Re: [PATCH 0/8][for -mm] mem_notify v6

!MAILaRCHIVE_VOTE_RePLACE
Previous message: [thread] [date] [author]
Next message: [thread] [date] [author]
To: KOSAKI Motohiro <kosaki.motohiro@...>
Cc: <linux-mm@...>, <linux-kernel@...>, <kosaki.motohiro@...>, <marcelo@...>, <daniel.spang@...>, <riel@...>, <akpm@...>, <alan@...>, <linux-fsdevel@...>, <pavel@...>, <a1426z@...>, <jonathan@...>, <zlynx@...>
Date: Sunday, February 17, 2008 - 10:49 am

I just noticed this patchset, kosaki-san.  It looks quite interesting;
my apologies for not commenting earlier.

I see mention somewhere that mem_notify is of particular interest to
embedded systems.

I have what seems, intuitively, a similar problem at the opposite
end of the world, on big-honkin NUMA boxes (hundreds or thousands of
CPUs, terabytes of main memory.)  The problem there is often best
resolved if we can kill the offending task, rather than shrink its
memory footprint.  The situation is that several compute intensive
multi-threaded jobs are running, each in their own dedicated cpuset.

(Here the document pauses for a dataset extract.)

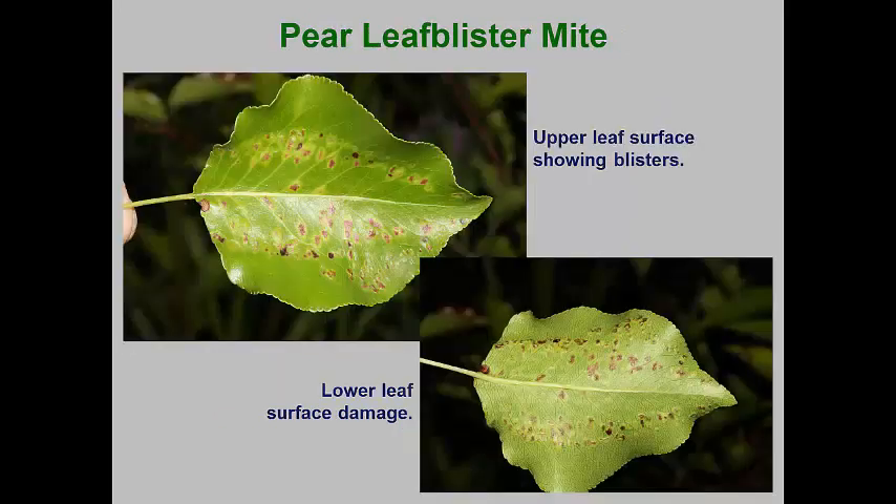The pear-leaf blister mite is an important pest of fruit orchards, but it can also damage ornamental crabapples. In orchards, the mites can damage the fruit, but in landscapes the damage is primarily the blisters that form on leaves. This mite overwinters as deuterogynes located at the bases of buds or within the bud scales. In early spring, these females lay eggs within the leaf bud scales. The hatching protogynes cause a proliferation of cells on the expanding leaf surfaces. Some of these cells die, which forms a cavity in which the mites can feed on soft tissues and continue their reproduction.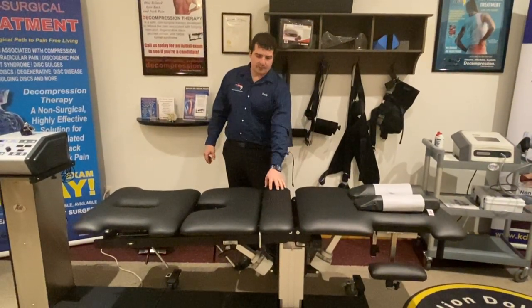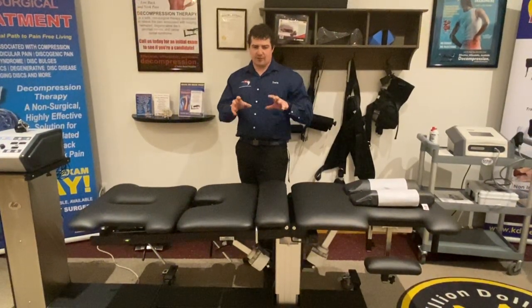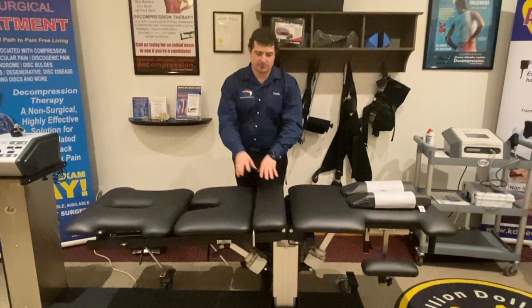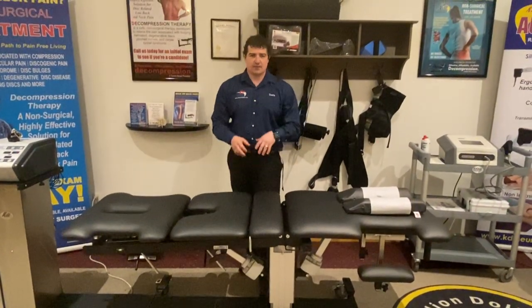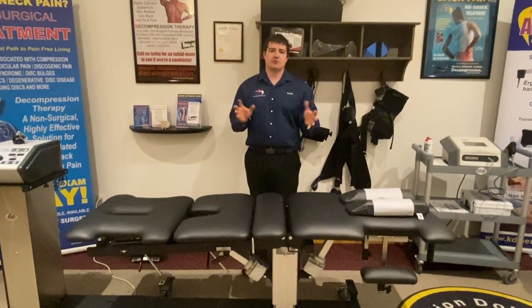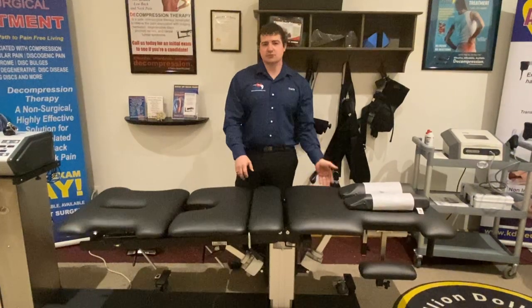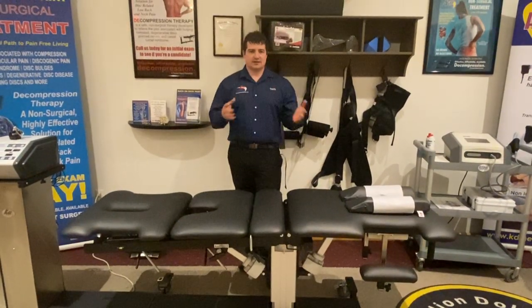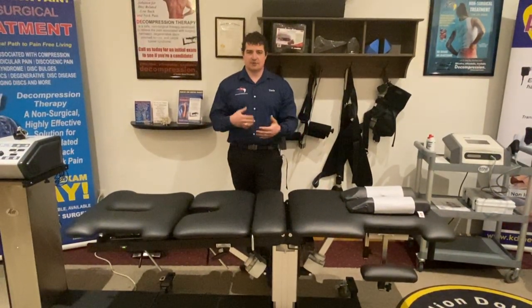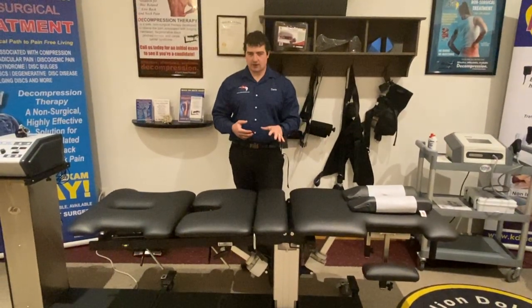We added a pelvic drop to the section to allow a doctor to adjust ASIS pelvic issues before or after the decompression visit — quick, easy, and smooth without moving patients from room to room or table to table. Up here we have a vibration control. You flip it on and it does 60 hertz of vibration, which can relax back muscles. It's very well researched, so that's another option.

If one of these jobs tries to use more memory than is available in
its cpuset, then

  (1) we quickly loose any hope of that job continuing at the excellent
      performance needed of it, and

  (2) we rapidly get increased risk of that job starting to swap and
      unintentionally impact shared resources (kernel locks, disk
      channels, disk heads).

So we like to identify such jobs as soon as they begin to swap,
and kill them very very quickly (before the direct reclaim code
in mm/vmscan.c can push more than a few pages to the swap device.)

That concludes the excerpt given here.